The Right Friendship

James 4

Wednesday, October 5, 2022

Conflicts and violence are problems we humans have always dealt with. If only there were some insights in the book of James to help us understand why, and how we might be able to help the situation.

“Those conflicts and disputes among you, where do they come from? Do they not come from your cravings that are at war within you?
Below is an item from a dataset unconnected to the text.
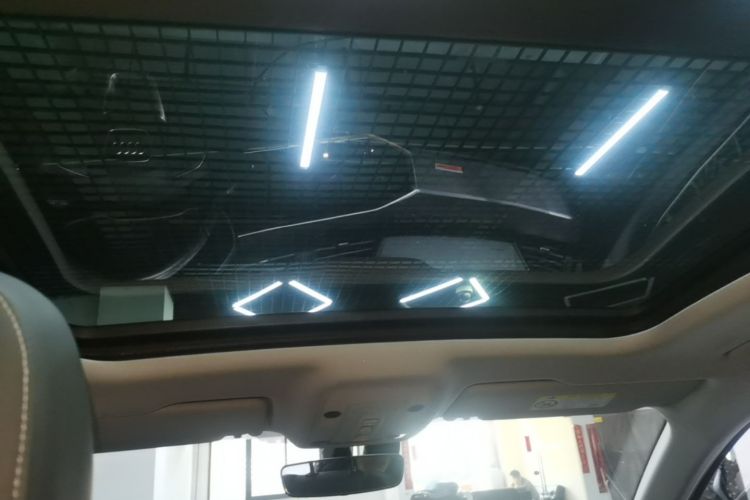 Audi Q3 2020 car image #18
You want something and do not have it; so you commit murder. And you covet something and cannot obtain it; so you engage in disputes and conflicts. You do not have, because you do not ask. You ask and do not receive, because you ask wrongly, in order to spend what you get on your pleasures.” (James 4:1-3 NRSV)

James says the source of conflict is the cravings at war within us. We covet things that we don’t have, and perceive that there isn’t enough to go around, leading us to take what we want by force, many times at the expense of others. We’re wired so deeply for survival that the fear of scarcity often drives us to get what we need in whatever way we can. It’s both a blessing and a curse. 

The passage goes a level deeper into the investigation and explores why we don’t have what we need: It’s because we don’t ask. That’s something I’m not good at. I often feel uncomfortable asking someone else for something, because I think it’s my own responsibility to take care of it. By not asking, I’m underutilizing one of the biggest strengths of being part of family and community. There is more than enough to go around if asking and sharing happen freely.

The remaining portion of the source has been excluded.